Factory output and service-sector activity have held steady, according to data released Monday, and employers added 263,000 jobs last month, the Labor Department said Friday, indicating just a slight cooling in the labor market from the first half of 2022.
At the same time, most economic forecasters believe the odds of a downturn next year exceed 50%, with recession most likely to begin during the first quarter of the year, the National Association for Business Economics (NABE) said Monday, citing a survey.
“We’re in a very uncertain time — an uncertain time given that we’re changing monetary and economic conditions very quickly — and that’s certainly having an impact of slowing down economic activity,” Goldman Sachs CEO David Solomon said Tuesday in an interview with Bloomberg TV.
“You have to assume that we have some bumpy times ahead,” according to Solomon, a member of the Business Roundtable. “I certainly think we could see a recession in 2023 also, and so I think you’ve got to be cautious and prepare.”
By far the greatest downside risk for the economy through 2023 is “too much monetary tightness,” NABE said, citing responses from 67% of the 51 forecasters that it surveyed.
Federal Reserve Chair Jerome Powell on Nov. 30 said the central bank, while combating the highest inflation in nearly four decades, will try to avoid excessively tightening monetary policy and causing a downturn.
“We wouldn’t just raise rates and try to crash the economy and then clean up afterward,” Powell said in an interview at the Brookings Institution. “I wouldn’t take that approach at all.”
The central bank this year has increased the federal funds rate by 3.75 percentage points in its most aggressive withdrawal of stimulus since the 1980s. Powell signaled last week that policymakers will likely raise the benchmark rate by a half point at a Dec.13-14 meeting.
“What keeps me awake at night is the stance of U.S. monetary policy and the huge challenge that the Fed has in getting that call right,” David Bowers, managing director at Absolute Strategy Research, said Monday during an NABE webinar.
“In terms of bond yields, in terms of policy rates, you’ve got the strong dollar, you’ve got quantitative tightening — this really is a major shock,” Bowers said, referring to the Fed’s rapid reduction in stimulus. “Not many people have seen a shock of this magnitude before.”

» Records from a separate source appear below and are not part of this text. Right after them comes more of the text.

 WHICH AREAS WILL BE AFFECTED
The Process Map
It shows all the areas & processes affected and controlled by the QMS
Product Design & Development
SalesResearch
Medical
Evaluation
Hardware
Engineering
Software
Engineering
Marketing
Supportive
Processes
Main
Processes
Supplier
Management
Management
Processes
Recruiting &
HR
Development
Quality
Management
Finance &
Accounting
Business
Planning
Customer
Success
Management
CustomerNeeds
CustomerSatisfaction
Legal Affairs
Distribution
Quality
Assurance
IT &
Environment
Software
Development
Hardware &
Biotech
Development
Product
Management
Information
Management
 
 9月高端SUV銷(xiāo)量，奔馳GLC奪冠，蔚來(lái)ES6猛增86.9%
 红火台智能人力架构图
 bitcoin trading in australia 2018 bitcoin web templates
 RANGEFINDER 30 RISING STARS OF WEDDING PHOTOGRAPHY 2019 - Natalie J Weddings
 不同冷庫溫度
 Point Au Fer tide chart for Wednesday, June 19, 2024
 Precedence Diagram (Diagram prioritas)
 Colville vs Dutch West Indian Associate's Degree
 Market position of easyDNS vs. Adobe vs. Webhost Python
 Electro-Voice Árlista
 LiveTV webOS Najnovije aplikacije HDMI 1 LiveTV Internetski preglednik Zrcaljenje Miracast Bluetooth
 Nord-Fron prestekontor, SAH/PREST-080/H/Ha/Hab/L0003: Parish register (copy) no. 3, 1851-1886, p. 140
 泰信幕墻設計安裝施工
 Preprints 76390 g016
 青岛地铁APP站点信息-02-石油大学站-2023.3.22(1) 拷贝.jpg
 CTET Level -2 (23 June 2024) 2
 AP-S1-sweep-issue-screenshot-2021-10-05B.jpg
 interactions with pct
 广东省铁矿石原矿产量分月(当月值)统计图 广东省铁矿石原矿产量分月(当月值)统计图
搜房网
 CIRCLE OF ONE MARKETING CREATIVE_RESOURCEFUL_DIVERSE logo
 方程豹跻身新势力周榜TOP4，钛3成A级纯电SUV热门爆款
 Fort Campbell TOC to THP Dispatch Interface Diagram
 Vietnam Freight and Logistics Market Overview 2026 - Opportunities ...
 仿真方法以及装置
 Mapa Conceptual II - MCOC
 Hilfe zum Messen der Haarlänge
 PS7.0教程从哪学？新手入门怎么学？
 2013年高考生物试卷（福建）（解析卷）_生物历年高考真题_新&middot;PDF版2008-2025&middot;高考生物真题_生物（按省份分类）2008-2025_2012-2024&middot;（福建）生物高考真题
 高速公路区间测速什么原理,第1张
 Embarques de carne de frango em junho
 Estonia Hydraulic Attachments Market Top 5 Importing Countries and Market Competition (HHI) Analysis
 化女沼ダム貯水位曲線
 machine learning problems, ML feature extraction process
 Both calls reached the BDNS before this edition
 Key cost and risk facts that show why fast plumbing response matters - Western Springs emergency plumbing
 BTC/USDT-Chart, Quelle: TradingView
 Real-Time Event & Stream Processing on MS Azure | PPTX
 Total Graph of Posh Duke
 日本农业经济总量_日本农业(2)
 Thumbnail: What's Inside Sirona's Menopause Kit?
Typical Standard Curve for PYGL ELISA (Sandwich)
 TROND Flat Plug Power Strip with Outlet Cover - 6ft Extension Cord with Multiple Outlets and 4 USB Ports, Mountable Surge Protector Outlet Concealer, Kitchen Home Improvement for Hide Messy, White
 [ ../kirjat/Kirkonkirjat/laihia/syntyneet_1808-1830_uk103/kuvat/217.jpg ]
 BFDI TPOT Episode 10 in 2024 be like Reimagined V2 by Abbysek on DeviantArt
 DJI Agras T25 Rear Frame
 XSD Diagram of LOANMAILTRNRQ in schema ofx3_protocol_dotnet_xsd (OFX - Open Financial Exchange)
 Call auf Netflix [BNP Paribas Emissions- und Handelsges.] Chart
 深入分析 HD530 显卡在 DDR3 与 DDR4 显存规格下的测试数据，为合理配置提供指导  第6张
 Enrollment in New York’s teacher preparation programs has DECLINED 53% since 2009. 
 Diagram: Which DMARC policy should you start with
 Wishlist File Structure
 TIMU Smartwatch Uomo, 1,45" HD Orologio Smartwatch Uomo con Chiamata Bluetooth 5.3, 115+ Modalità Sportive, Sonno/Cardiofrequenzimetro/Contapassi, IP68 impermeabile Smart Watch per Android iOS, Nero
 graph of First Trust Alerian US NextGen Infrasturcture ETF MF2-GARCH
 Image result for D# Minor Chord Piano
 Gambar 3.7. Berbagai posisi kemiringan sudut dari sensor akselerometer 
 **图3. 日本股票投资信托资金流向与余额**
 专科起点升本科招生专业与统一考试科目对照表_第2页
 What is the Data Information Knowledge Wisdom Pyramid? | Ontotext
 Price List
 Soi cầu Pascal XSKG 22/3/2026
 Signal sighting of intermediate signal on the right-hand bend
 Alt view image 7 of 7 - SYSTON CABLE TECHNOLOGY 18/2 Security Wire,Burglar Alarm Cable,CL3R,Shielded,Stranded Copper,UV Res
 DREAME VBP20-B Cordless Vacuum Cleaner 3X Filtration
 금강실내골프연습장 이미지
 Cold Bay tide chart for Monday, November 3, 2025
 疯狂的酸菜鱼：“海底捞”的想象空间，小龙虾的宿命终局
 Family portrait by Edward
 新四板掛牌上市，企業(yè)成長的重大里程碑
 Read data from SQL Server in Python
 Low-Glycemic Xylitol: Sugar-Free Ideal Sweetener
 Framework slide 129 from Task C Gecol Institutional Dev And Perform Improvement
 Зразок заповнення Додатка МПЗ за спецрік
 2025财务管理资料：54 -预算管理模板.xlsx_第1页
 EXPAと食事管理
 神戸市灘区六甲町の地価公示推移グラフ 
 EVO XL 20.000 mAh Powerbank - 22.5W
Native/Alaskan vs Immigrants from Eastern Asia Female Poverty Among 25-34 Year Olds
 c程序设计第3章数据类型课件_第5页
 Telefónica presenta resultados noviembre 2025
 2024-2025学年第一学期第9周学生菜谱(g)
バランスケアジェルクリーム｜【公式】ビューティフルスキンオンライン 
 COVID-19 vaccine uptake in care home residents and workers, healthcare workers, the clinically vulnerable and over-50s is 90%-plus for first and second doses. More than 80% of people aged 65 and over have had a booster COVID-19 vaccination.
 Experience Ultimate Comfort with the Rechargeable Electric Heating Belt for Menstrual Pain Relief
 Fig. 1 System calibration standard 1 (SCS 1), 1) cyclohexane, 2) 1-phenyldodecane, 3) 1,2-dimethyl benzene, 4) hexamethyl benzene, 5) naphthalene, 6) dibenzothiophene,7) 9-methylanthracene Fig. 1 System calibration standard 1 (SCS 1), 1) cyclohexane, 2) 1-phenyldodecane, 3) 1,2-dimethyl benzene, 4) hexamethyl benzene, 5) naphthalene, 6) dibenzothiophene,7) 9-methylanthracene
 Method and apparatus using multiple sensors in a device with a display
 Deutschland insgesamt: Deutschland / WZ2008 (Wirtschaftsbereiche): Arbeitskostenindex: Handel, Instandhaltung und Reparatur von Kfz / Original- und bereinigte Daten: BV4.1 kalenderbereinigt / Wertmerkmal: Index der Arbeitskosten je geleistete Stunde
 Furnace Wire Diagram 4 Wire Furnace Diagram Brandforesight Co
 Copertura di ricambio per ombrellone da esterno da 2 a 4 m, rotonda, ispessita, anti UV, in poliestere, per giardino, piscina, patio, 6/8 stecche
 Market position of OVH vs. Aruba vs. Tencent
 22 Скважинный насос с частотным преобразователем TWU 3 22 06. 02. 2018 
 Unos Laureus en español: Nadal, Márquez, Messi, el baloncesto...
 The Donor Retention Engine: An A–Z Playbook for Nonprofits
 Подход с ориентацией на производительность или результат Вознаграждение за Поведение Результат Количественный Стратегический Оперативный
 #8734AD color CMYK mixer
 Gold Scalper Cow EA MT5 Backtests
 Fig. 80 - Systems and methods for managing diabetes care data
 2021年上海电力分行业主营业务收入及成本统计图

Nearly half of CEOs (49%) identified labor costs as the top inflationary problem for their company, the Business Roundtable said, followed by 15% who flagged material costs and 14% who pointed to costs from supply chain disruptions.
Only 39% of CEOs plan to increase employment in the U.S. during the next six months compared with 47% in the third quarter and 77% in the fourth quarter last year, according to the Business Roundtable.
The CEOs predicted that the economy will grow 1.2% in 2023, the Business Roundtable said. CEOs at 142 companies completed the survey, which was conducted from October 31 through November 28.